Fig. 5The dynamic interplay between viruses and their hosts (Andersson & Banfield, 2008). (a) Population structure of the AMDV2 virus population, showing extensive recombination between closely related sequence variants. Putative genes are displayed on top. Pattern of nucleotide polymorphisms (SNPs, colored bars) in a subset of sequencing reads within a region of the DNA polymerase gene. The region was divided into equally spaced blocks (A–L), and the alleles were numbered based on SNP patterns to the left of the label.

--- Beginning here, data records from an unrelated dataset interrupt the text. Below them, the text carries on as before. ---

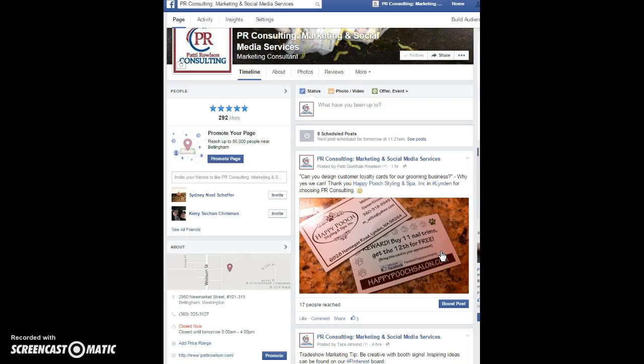Hello friends and welcome to PR Consulting. My name is Patti Rolson and I'll be your guide through today's quick video tutorial. Let's get started. Today I'd like to show you how to schedule a post to roll out on Facebook, so you can write the content today and have it scheduled to roll out tomorrow or two weeks from now.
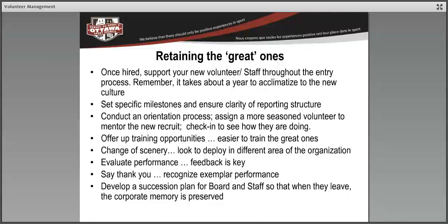Conduct an orientation process — this is really critical. You can use a buddy system to mentor the new person, walk them through the philosophy of the club, talk about the mission, when it was first established, and what it hopes to contribute, so they have a deeper understanding beyond their own role of the purpose of the organization and how grateful you are that they're contributing their time. Some volunteers need training, so if training is required in-house, make sure you set that up before they get started.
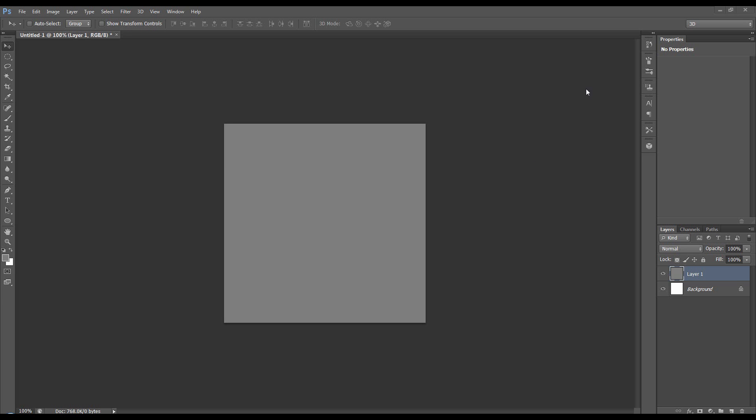Hi, this is going to be a quick Photoshop 3D tip showing you the benefits of having cube wrap.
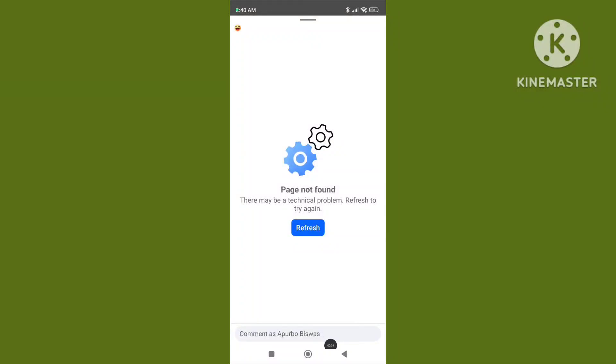Hello viewers, in this video I'll show you how to fix the Facebook page not found problem. There may be a technical problem, refresh to try again on Facebook. If you want to solve this problem, please follow the steps.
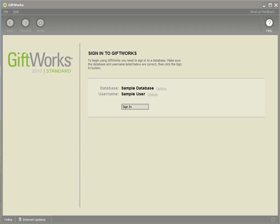Welcome to this GiftWorks quick video. My name is Steve Faithful and in this video I'm going to be demonstrating how to use the new Smart Entry functionality that's available in GiftWorks 2010.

In the summary table below, colors are assigned to alleles based on the read in which the allele first appears. (b) Schematic representation of the CRISPR locus of the corresponding host population, sampled 25 times, and characterized by an extensive diversity of spacer sequences (colored bars) in between the repeats (black bars). CRISPR loci grow unidirectionally, with a new spacer being introduced to the left of the neighboring CRISPR-associated protein machinery (cas genes). Because every cell is exposed to different viruses, the CRISPR spacer content, which reflects the natural history of the cell and its ancestry, might be unique for every single cell in the population.